Alfred Romer named Lewisuchus as a new genus in 1972, based on the partial skeleton which at that point was stored at the Museo de La Plata with catalogue number 64-XI-14-14. The generic name honored Arnold D. Lewis, the chief preparator who discovered the skeleton while working on the recovered nodule. Like many other early archosaurs and crocodilian relatives, it also references Soûkhos, the Greek name for the Egyptian crocodile god Sobek. The species name "admixtus" refers to the mixture of different species preserved along with the holotype. The holotype is now housed at the Paleontology Museum at the National University of La Rioja (PULR) with catalogue number PULR 01.

=== Pseudolagosuchus ===
Another Chañares archosaur was described by Andrea Arcucci in 1987. This archosaur encompassed four specimens stored at the Miguel Lillo Institute (PVL) of the University of Tucuman, the PULR, and the Museo Argentino de Ciencias Naturales (MACN). Arcucci named a new archosaur genus based on these specimens: Pseudolagosuchus major. It was originally considered a close relative of its namesake, the small dinosauriform Lagosuchus. The holotype of Pseudolagosuchus, PVL 4629, included most of a left hindlimb and pelvis as well as a fragmentary ankle, vertebrae, and ribs. Other specimens included PVL 3454 (fragments of the hip and hindlimb), MACN 18954 (vertebrae and portions of the hindlimb and ankle), and PULR 53 (tail vertebrae and bones from the ankle region). A 1996 study on dinosaur origins by Fernando Novas also placed a well-preserved femur and tibia (erroneously labelled UPLR 53) within the genus, and this may also be the case with PVL 3455, an indeterminate partial skeleton with some similarities to Arcucci's original material.
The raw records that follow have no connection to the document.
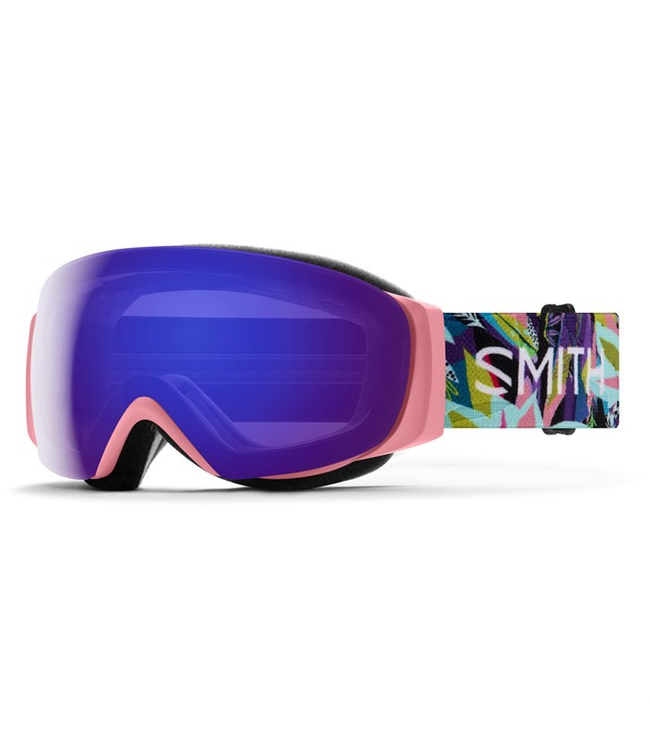 Smith I/O Mag S Low Bridge Fit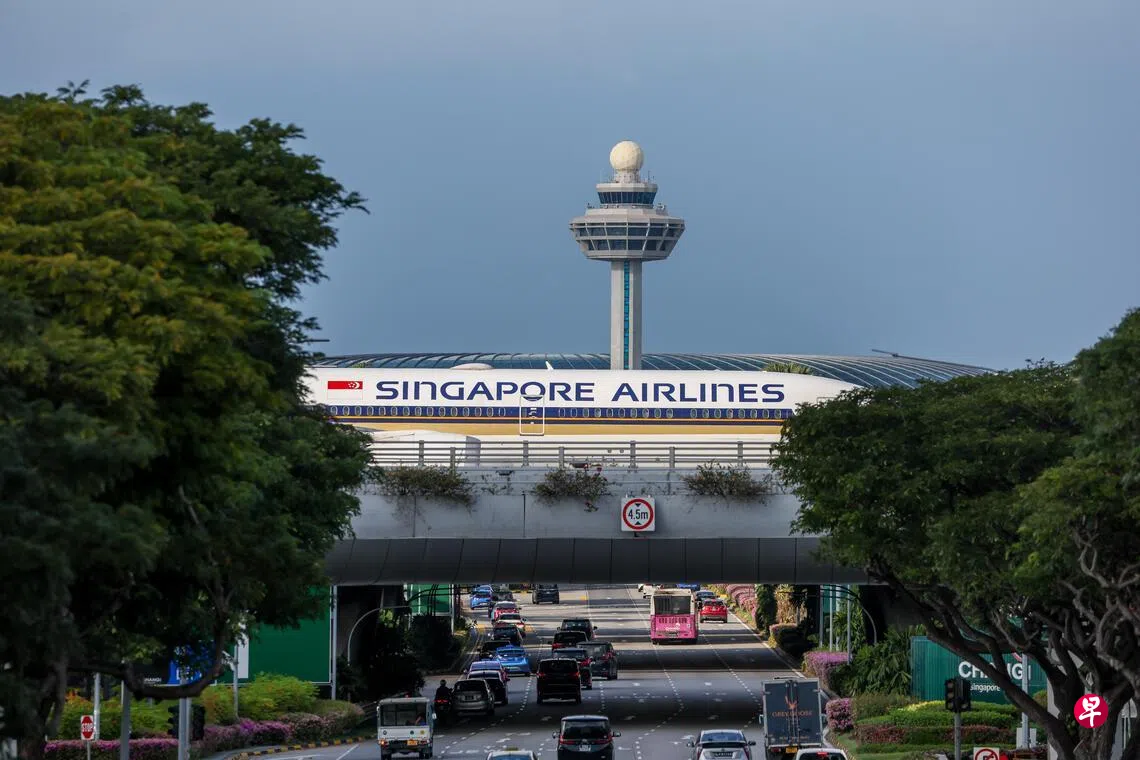纽约暴风雪多趟新航班机取消| 联合早报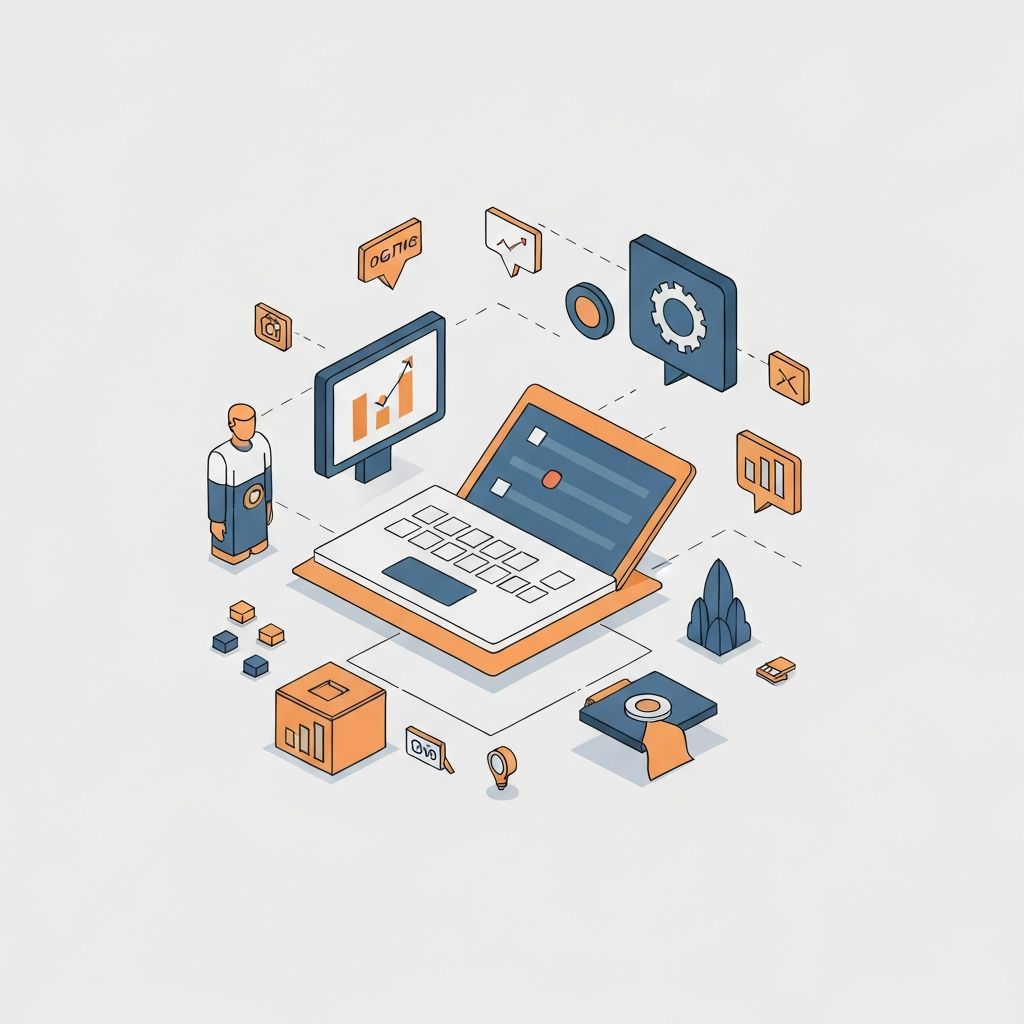 Top 10 Best Digital Marketing Companies in Magdeburg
Despite not sharing much overlapping material, some paleontologists have proposed that Pseudolagosuchus major represented the same species of animal as Lewisuchus admixtus. If this is demonstrated to be the case, the name Lewisuchus would have priority over Pseudolagosuchus due to having been named earlier. Arcucci argued towards synonymizing the two as early as 1997. A 2010 study in the Journal Nature by Nesbitt et al. also made a case for their synonymy, as they were approximately the same size, came from the same locality and strata, and both were found to be basal members of the recently named family Silesauridae. Many other studies supported these arguments, sometimes even scoring the two as a single taxon in their phylogenetic analyses. Several hindlimb, hip, and vertebral fossils (PVL 3456, PULR-V 112 and PULR-V 113) have additionally been referred to Lewisuchus based on their similarity to Pseudolagosuchus remains. However, Bittencourt et al.'s 2014 redescription of the Lewisuchus holotype refrained from synonymizing the two due to a lack of data, with the only overlapping material being the tibia and a few cervical (neck) vertebrae. No unambiguous characteristics were shared between these scraps, and one tibia referred to Pseudolagosuchus (Novas's 'UPLR 53') seemed to have a curvature different from that of Lewisuchus's holotype.

A new specimen of Lewisuchus discovered in 2013 was described by Martin Ezcurra et al. in 2019, helping to settle the synonymy debate. This new specimen, CRILAR-Pv 552, was a partial skeleton incorporating parts of the skeleton previously only known in either Lewisuchus (such as the skull) or in Pseudolagosuchus (such as the hip and hindlimbs). It also provided details of the premaxilla, inner ear, and lower forelimbs, which were not preserved in any previous remains. The individual bones of CRILAR-Pv 552 were basically identical to their counterparts in Lewisuchus and Pseudolagosuchus specimens, providing irrefutable evidence that Pseudolagosuchus referred to the same species of reptile as Lewisuchus, and establishing Lewisuchus admixtus as the valid name for all fossils previously referenced with either name.